(PROMPT) Only the stretch below from the line holding "Unit 2 is one" through the line holding "This is a brand" should be restated, word for word and with both ends included; pictures stay out.

(INFORMATION SUPPLIED)
++++++++++

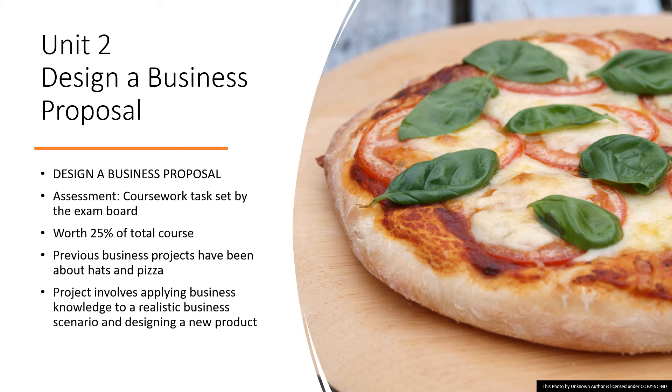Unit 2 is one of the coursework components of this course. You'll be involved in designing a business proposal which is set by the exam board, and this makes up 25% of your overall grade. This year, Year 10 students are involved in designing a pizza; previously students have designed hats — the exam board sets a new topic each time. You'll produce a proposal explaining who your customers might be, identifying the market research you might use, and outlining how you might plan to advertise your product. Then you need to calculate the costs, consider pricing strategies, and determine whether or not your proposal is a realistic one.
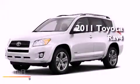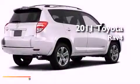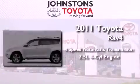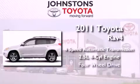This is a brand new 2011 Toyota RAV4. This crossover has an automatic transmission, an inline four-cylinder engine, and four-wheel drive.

++++++++++

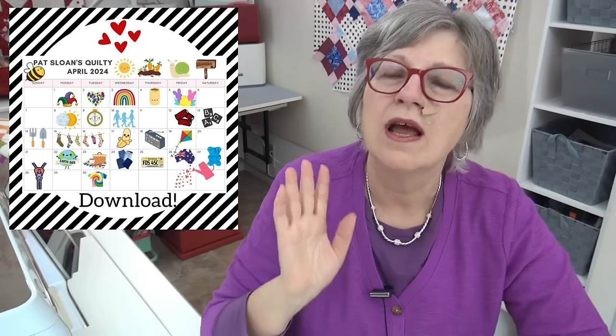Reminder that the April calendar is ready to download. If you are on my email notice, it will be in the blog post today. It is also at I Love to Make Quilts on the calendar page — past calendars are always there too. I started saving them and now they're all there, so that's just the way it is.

++++++++++

(SOLUTION TO THE PROBLEM)
Unit 2 is one of the coursework components of this course. You'll be involved in designing a business proposal which is set by the exam board, and this makes up 25% of your overall grade. This year, Year 10 students are involved in designing a pizza; previously students have designed hats — the exam board sets a new topic each time. You'll produce a proposal explaining who your customers might be, identifying the market research you might use, and outlining how you might plan to advertise your product. Then you need to calculate the costs, consider pricing strategies, and determine whether or not your proposal is a realistic one.
This is a brand new 2011 Toyota RAV4. This crossover has an automatic transmission, an inline four-cylinder engine, and four-wheel drive.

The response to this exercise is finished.